Kentucky Farm Bureau members might get a chance to weigh in on expanded gambling at their annual convention in December.
The group's equine advisory committee is recommending that members "urge the General Assembly to adopt legislation that would put Kentucky's equine industry on equal footing with other states," according to a Farm Bureau publication.
That is "not necessarily" meant as an endorsement of expanded gambling, said Alex Barnett, chairman of the equine policy committee and judge-executive of Harrison County.

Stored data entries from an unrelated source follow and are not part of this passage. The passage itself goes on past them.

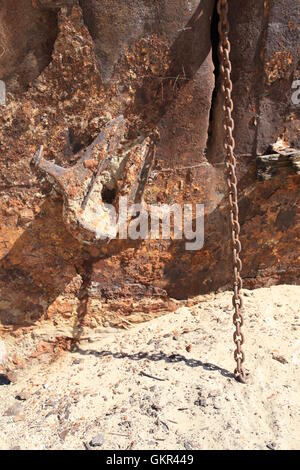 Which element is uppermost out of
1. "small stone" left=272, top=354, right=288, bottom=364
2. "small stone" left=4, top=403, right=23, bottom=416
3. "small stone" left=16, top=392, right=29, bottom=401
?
"small stone" left=272, top=354, right=288, bottom=364

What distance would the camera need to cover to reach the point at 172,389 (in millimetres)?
2217

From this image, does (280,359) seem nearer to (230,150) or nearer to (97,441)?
(97,441)

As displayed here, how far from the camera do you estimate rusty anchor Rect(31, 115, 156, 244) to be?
2.16 meters

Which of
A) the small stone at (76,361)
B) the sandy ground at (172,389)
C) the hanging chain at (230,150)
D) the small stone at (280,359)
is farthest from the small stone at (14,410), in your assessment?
the small stone at (280,359)

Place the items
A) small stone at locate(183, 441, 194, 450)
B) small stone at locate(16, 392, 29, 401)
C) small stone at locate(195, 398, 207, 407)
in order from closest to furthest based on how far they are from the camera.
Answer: small stone at locate(183, 441, 194, 450) < small stone at locate(195, 398, 207, 407) < small stone at locate(16, 392, 29, 401)

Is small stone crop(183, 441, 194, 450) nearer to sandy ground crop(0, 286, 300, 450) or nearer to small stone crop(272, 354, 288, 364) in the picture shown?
sandy ground crop(0, 286, 300, 450)

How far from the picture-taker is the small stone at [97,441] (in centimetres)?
197

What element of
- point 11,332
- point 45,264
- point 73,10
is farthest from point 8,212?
point 73,10

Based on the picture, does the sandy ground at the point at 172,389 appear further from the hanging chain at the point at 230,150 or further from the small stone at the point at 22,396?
the hanging chain at the point at 230,150

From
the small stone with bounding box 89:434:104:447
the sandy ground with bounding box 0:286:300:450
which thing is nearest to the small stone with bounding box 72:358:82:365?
the sandy ground with bounding box 0:286:300:450

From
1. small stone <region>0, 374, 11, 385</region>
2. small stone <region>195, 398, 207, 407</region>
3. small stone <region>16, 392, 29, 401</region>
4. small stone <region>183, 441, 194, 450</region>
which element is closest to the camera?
small stone <region>183, 441, 194, 450</region>

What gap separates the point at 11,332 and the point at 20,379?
0.86ft

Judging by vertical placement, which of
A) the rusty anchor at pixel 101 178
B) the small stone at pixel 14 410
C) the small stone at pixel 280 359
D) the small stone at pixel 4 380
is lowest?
the small stone at pixel 14 410

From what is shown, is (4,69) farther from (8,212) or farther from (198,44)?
(198,44) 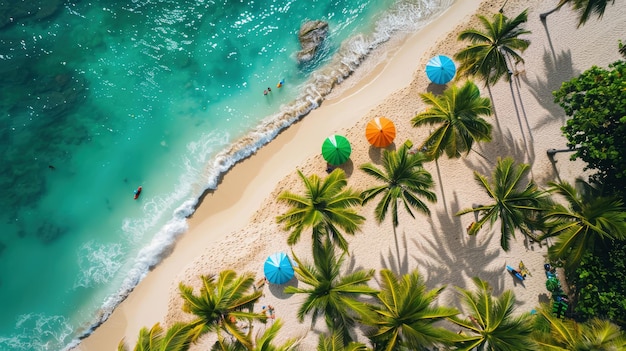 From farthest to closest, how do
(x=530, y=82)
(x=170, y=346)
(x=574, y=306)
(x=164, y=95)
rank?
(x=164, y=95)
(x=530, y=82)
(x=574, y=306)
(x=170, y=346)

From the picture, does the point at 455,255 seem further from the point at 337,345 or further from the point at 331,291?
the point at 337,345

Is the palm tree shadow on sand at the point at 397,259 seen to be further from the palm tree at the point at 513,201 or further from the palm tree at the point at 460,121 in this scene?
the palm tree at the point at 460,121

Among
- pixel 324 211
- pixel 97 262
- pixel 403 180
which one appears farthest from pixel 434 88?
pixel 97 262

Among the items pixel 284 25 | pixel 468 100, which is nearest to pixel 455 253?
pixel 468 100

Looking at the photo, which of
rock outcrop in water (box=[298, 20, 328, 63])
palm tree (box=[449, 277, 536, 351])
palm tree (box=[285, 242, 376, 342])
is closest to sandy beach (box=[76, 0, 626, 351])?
rock outcrop in water (box=[298, 20, 328, 63])


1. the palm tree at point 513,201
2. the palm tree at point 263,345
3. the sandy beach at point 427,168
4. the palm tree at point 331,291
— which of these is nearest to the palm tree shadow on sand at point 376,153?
the sandy beach at point 427,168

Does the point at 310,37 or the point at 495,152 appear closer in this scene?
the point at 495,152

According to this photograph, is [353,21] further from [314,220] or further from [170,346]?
[170,346] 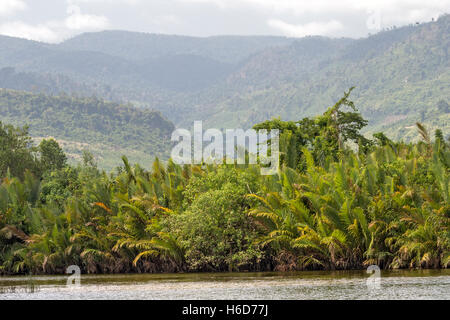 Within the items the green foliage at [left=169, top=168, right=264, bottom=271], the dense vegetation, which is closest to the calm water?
the green foliage at [left=169, top=168, right=264, bottom=271]

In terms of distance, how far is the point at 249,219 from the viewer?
29.8m

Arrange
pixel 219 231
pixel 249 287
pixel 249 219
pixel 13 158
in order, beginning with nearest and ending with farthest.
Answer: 1. pixel 249 287
2. pixel 219 231
3. pixel 249 219
4. pixel 13 158

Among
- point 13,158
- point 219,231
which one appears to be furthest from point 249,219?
point 13,158

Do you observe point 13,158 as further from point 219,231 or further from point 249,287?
point 249,287

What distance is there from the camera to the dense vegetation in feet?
89.6

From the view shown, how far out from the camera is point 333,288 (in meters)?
22.1

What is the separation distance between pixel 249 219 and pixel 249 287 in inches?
260

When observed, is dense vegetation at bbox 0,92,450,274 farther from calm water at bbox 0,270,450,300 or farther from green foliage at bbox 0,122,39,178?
green foliage at bbox 0,122,39,178

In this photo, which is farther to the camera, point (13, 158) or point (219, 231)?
point (13, 158)

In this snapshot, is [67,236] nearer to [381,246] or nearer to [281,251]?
[281,251]

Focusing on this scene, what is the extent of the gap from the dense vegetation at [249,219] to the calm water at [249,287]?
1.28m

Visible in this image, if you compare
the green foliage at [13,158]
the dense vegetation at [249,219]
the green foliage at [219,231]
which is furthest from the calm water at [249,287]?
the green foliage at [13,158]

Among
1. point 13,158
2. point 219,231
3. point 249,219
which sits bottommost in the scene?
point 219,231

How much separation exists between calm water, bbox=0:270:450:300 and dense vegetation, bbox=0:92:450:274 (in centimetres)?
128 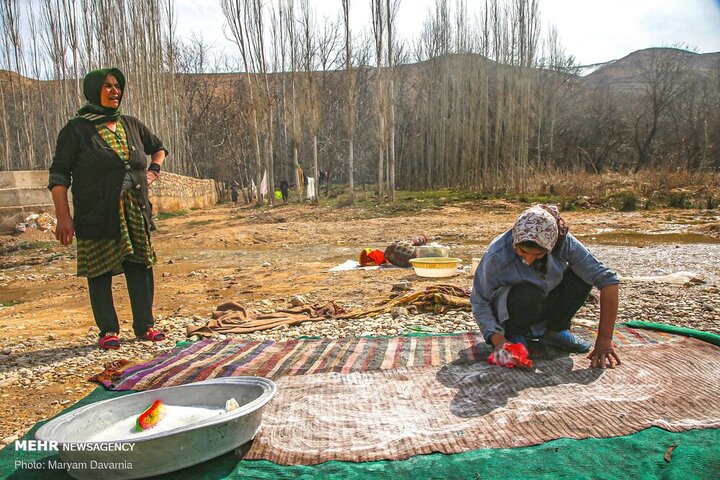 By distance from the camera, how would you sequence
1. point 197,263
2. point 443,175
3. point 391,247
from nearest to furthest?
point 391,247 → point 197,263 → point 443,175

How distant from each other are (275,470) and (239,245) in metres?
8.48

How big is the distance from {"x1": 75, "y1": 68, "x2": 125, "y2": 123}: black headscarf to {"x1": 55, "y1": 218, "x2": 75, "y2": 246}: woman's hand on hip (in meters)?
0.59

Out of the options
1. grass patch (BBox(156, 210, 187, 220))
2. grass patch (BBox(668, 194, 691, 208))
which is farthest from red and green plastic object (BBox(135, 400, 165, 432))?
grass patch (BBox(156, 210, 187, 220))

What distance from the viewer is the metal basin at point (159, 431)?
5.20 feet

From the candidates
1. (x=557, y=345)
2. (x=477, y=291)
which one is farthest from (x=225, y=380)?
(x=557, y=345)

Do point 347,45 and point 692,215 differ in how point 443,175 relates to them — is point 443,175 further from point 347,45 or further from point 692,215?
point 692,215

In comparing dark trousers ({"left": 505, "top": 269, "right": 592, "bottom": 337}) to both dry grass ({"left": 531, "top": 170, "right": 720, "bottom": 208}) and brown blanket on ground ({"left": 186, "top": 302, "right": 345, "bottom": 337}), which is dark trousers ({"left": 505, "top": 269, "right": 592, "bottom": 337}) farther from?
dry grass ({"left": 531, "top": 170, "right": 720, "bottom": 208})

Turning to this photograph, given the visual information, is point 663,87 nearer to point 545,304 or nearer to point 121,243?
point 545,304

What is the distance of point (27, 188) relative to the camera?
11336 millimetres

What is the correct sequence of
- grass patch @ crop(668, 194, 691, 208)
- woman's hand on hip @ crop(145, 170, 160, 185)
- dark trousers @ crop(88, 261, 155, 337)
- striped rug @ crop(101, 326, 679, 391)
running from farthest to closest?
grass patch @ crop(668, 194, 691, 208), woman's hand on hip @ crop(145, 170, 160, 185), dark trousers @ crop(88, 261, 155, 337), striped rug @ crop(101, 326, 679, 391)

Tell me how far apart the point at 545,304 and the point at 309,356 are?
1.19 metres

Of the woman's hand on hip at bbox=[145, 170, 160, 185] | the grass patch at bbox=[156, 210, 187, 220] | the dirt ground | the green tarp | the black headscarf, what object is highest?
the black headscarf

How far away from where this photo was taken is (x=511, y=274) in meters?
2.46

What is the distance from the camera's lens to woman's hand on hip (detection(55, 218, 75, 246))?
10.1 feet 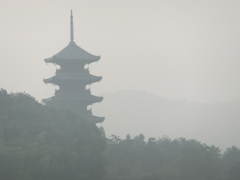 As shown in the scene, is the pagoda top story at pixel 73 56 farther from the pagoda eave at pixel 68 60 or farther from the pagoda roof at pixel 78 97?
the pagoda roof at pixel 78 97

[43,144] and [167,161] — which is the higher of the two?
[167,161]

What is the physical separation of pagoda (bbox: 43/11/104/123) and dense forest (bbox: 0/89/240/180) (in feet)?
22.0

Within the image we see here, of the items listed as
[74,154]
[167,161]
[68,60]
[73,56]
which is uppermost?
[73,56]

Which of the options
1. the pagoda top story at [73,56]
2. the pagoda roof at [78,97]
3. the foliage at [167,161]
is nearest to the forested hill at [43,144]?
the foliage at [167,161]

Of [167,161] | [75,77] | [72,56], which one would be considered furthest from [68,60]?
[167,161]

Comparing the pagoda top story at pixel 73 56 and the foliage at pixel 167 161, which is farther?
the pagoda top story at pixel 73 56

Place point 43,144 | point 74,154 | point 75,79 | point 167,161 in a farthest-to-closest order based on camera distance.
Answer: point 75,79 < point 167,161 < point 74,154 < point 43,144

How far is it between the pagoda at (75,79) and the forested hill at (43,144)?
1364cm

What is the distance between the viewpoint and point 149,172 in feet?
153

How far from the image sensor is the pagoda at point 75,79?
56969 mm

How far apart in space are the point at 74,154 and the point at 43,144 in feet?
6.61

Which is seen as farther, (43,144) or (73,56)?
(73,56)

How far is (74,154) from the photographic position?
37.0 meters

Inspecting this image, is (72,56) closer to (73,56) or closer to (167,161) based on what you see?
(73,56)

"We're just trying to come up with a way to not lose our competitive advantage," he said. "It's just kind of a general statement. ... If they interpret it as expanded gambling and that's not backed up by our policy book, it probably won't make it through ... voting at the annual meeting."
Barnett's committee took the nuanced stance after presentations last month by the Kentucky Equine Education Project and the Kentucky Thoroughbred Association, both groups that have lobbied for electronic slots at racetracks.
KEEP spokesman Patrick Neely said the potential shift is "extremely encouraging."
The racetracks and many horse breeders say they need slots at tracks to keep up with Indiana, Pennsylvania and New York, which have or will have millions from casinos to pour into purses.
Indiana has recently targeted Kentucky breeders, advertising gambling-fueled incentives designed to lure stallions, mares and breeding operations over the border.
Kentucky lawmakers are divided over gambling. Gov. Steve Beshear and House Speaker Greg Stumbo, both Democrats, have supported expanded gambling measures but Republican Senate President David Williams has opposed them.
Barnett said he thinks the move is significant because he sees a need for helping Kentucky's horse industry.
"We have neighboring states that are offering higher purses and handsome breeding incentives which are putting Kentucky at a competitive disadvantage in the horse industry," Barnett said.
Farm Bureau lobbyist Jeff Harper said the issue has not come up before.
"Right now, we do not have a position for or against expanded gaming in the commonwealth," Harper said. He said there were about 800 voting delegates at last year's annual convention, which sets the influential group's policy recommendations to state and federal lawmakers. Any county delegate can bring an issue either to the group's resolutions committee or to the body as a whole.
"If one of those (delegates) wants it to be brought up, it will be brought up," Harper said.
Barnett anticipates that even if the resolutions committee does not put something forth, it will come up.
"It will receive some discussion on the delegate floor," he predicted. "Depending on how it is interpreted, whether it is interpreted as expanded gaming or not, will determine how it flows through the delegate body."
Barnett, who is not in the horse industry, said he is "neutral" on expanded gambling.
"I can see some positives but I can see some negatives. That's how a lot of the farm community is," he said.
But, he said, he sees a bigger negative in the damage to a key part of the state's farm economy.
"In order to help the horse industry," Barnett said, "we need to look at avenues to increase purses and breeding incentives in order to remain the horse capital of the world."